Snyk Documentation

Enable automatic dependency upgrade PRs for a specific project

Enable Snyk to regularly check your dependency health, recommend dependency upgrades and automatically submit PRs for upgrades on your behalf for a specific project.

Once configured, Snyk automatically creates PRs for all necessary dependencies as upgrades become available for the specific project.

Notes: These settings override any settings configured at the Integration level.

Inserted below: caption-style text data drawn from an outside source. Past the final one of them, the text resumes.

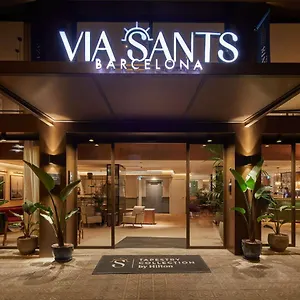 https://via-sants-hotel-barcelona-tapestry-collection-by-hilton.catalonia-hotels.com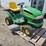 john-deere-la100-image-2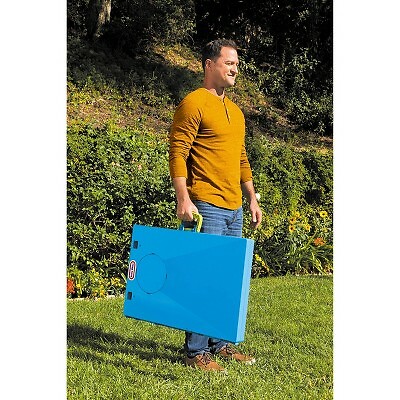 Little Tikes 5-in-1 Cornhole Game Set 50743657900 | eBay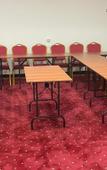 Туры в отель Anga Yerevan Hotel Туры в отель Anga Yerevan Hotel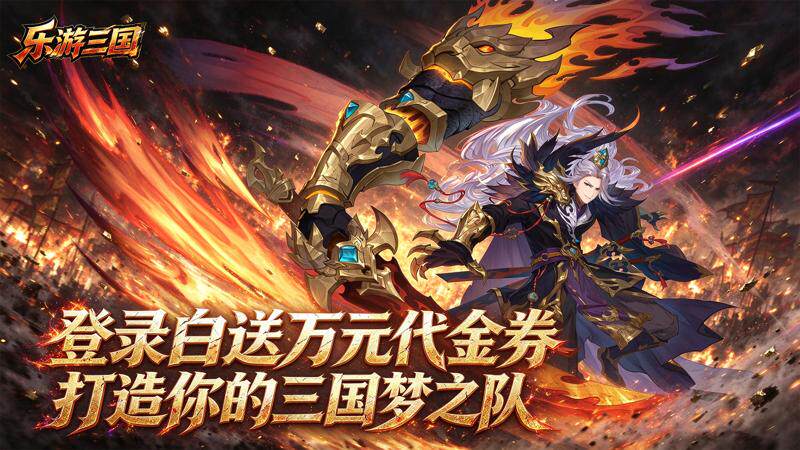 转游活动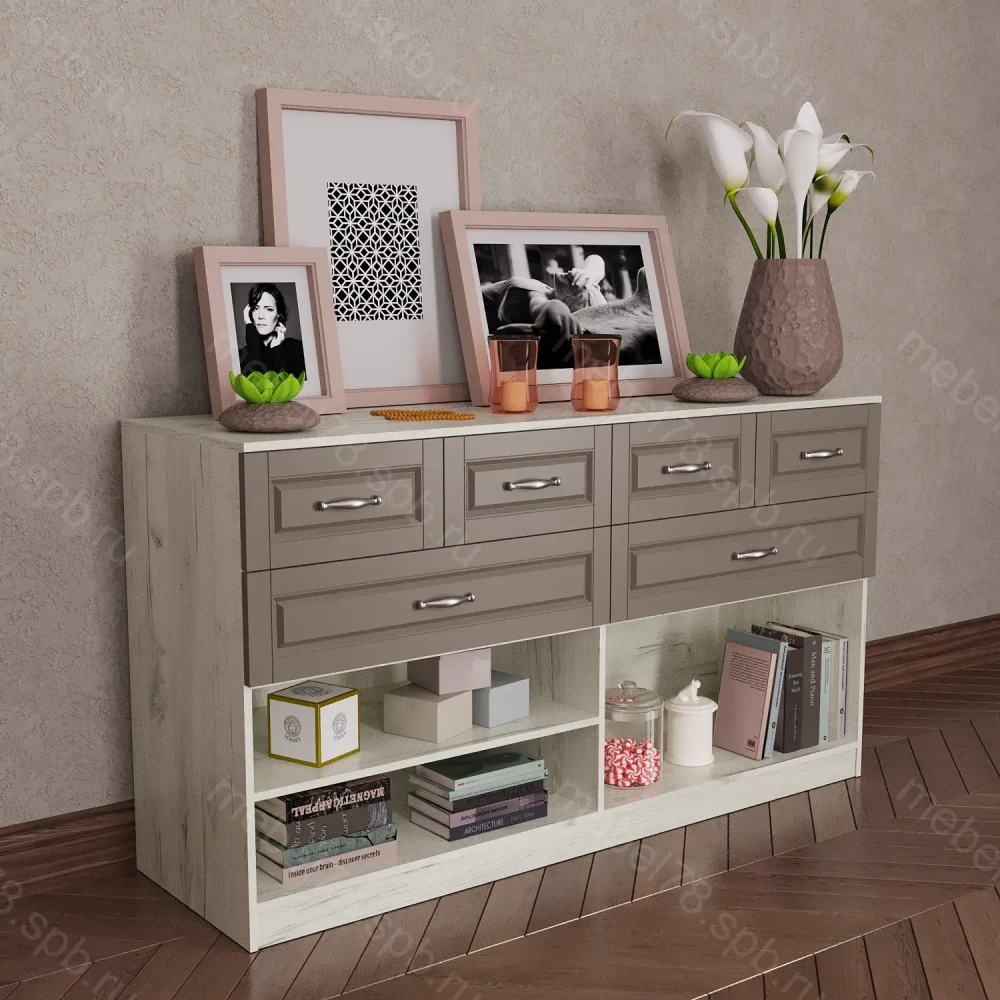 Комод 49 (мадес)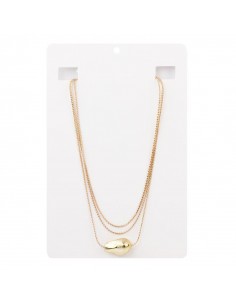 Collar Golden Fancy Collar Golden Fancy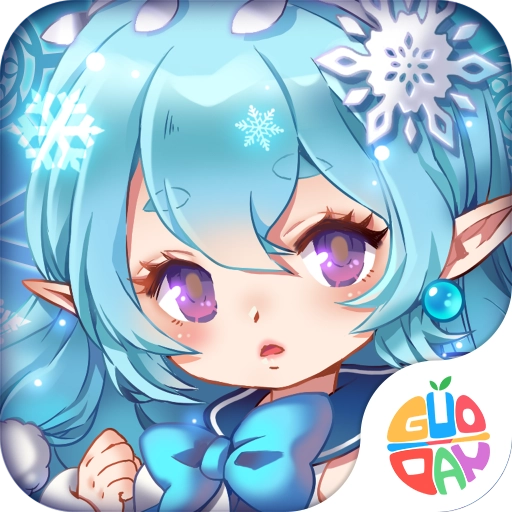 放置公主 v1.0.115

To configure automatic upgrade PRs for a specific project:

  1. Navigate to the organization for which you would like to enable automatic upgrade PRs and then click Projects.
  2. Navigate to the relevant project and click the Settings cog .
  3. From the Settings area, click GitHub integration from the left panel menu.
  4. From settings that load, scroll to the Automatic dependency upgrade pull requests and click Disabled.
  5. From the options that appear:
    • Snyk opens a maximum of 10 upgrade PRs simultaneously. To limit this number further, select the maximum number of PRs from the dropdown list.
    • In the Dependencies to ignore field, enter the exact name of any dependencies that should not be handled as part of the automatic functionality. This field accepts only lower case letters.
  6. Click .
  7. Settings are saved. Every time Snyk scans this project now, it automatically submits upgrade PRs based on results. If a newer version is released for an existing Snyk upgrade PR or for an existing fix PR, the existing PR must be closed or merged before Snyk can raise a new PR.